Copy all the lines of the data that include the word "from".
***** Given records *****
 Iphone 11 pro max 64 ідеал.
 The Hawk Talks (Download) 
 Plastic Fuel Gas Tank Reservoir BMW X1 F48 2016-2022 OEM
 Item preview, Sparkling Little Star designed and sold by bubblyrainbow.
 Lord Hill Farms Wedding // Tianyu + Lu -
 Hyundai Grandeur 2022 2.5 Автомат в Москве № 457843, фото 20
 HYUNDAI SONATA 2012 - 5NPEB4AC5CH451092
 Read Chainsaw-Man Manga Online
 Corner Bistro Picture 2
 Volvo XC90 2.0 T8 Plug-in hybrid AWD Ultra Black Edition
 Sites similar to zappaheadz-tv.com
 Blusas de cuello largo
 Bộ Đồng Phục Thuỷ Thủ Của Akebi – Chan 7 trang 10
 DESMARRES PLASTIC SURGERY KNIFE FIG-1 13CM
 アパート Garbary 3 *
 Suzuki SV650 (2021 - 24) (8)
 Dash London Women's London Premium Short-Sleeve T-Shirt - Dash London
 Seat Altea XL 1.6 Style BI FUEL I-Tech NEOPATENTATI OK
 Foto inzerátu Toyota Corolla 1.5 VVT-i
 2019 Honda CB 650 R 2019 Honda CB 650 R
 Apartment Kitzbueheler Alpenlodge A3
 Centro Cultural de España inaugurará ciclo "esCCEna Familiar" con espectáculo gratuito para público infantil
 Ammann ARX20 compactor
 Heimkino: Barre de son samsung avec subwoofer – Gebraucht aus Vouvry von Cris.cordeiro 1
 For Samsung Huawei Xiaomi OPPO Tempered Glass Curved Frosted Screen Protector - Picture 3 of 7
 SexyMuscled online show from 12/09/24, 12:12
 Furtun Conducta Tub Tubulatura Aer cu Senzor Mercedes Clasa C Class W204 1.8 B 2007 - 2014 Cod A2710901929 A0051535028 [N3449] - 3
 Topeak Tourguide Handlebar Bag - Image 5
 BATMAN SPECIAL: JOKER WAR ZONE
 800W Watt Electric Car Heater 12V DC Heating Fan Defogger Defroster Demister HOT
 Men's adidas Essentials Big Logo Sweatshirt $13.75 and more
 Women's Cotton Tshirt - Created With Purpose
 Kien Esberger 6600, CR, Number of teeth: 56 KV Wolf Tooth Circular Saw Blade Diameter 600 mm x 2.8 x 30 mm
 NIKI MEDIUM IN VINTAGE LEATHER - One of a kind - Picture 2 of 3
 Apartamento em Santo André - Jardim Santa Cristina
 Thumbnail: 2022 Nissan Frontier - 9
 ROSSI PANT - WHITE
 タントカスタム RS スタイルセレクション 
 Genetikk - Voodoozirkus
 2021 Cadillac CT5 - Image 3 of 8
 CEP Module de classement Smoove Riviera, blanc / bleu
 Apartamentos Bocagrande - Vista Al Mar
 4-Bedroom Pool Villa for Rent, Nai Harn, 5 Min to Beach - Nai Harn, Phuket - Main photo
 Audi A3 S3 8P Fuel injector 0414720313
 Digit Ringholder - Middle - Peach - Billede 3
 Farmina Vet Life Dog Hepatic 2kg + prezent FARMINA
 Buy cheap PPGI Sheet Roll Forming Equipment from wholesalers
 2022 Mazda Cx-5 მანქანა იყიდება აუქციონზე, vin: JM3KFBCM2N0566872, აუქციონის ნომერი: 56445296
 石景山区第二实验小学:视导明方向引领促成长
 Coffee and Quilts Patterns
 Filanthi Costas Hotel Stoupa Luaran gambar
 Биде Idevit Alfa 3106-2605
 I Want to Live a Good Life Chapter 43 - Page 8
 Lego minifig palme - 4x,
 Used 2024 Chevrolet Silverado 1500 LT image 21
*****
__Result of this task__
 SexyMuscled online show from 12/09/24, 12:12
 Buy cheap PPGI Sheet Roll Forming Equipment from wholesalers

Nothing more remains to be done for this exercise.